**Problem description**
In the data below, one line contains "Gaiwan Chinese Gongfu" and a later one contains "Rolex Yacht-Master II". Print both, with every line between them, exactly and alone.

(Records shown begins)

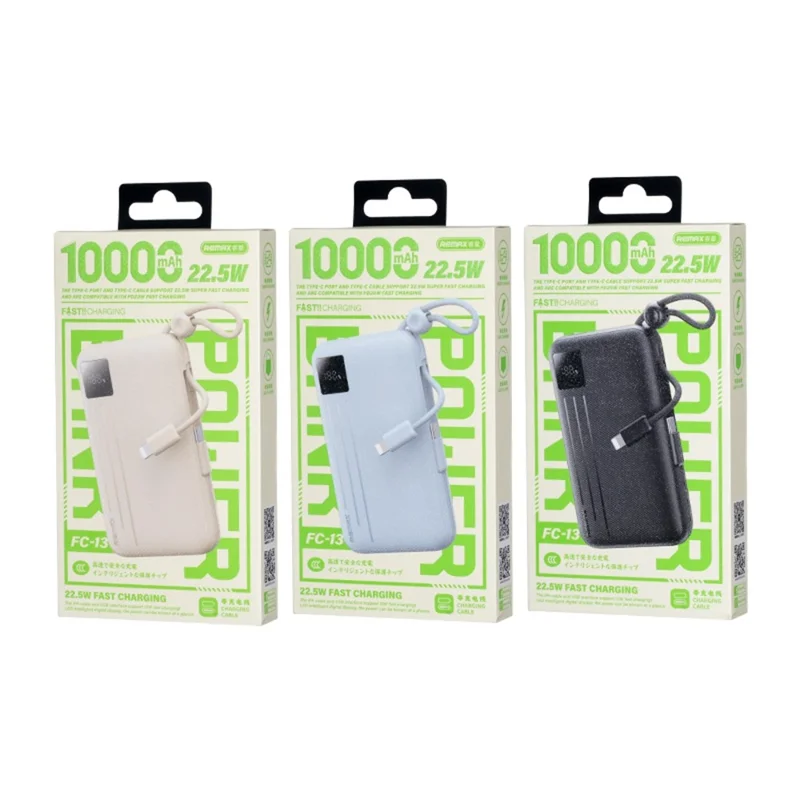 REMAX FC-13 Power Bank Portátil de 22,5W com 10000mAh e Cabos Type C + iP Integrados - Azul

(Records shown ends)
(Records shown begins)

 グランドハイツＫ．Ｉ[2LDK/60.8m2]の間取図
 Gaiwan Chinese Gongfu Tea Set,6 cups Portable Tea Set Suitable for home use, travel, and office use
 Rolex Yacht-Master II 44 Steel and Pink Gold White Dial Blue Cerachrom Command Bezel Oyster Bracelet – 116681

(Records shown ends)
(Records shown begins)

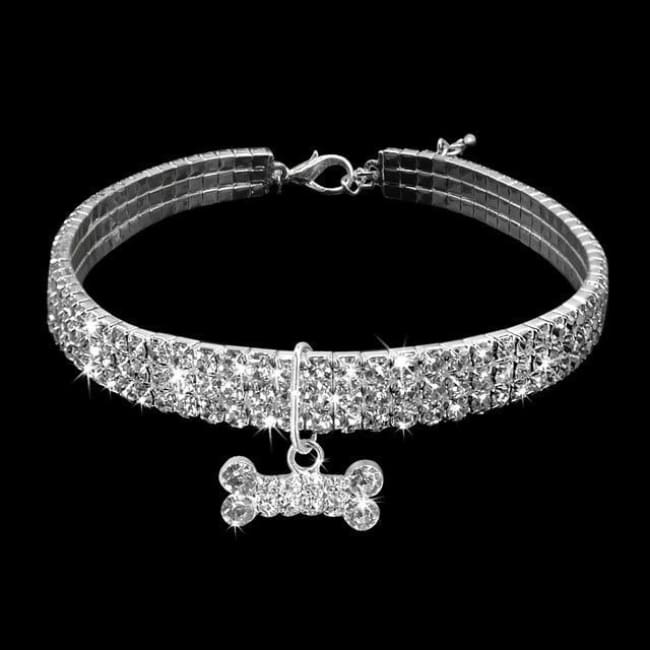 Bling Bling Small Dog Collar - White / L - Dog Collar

(Records shown ends)

**Finished exercise**
 Gaiwan Chinese Gongfu Tea Set,6 cups Portable Tea Set Suitable for home use, travel, and office use
 Rolex Yacht-Master II 44 Steel and Pink Gold White Dial Blue Cerachrom Command Bezel Oyster Bracelet – 116681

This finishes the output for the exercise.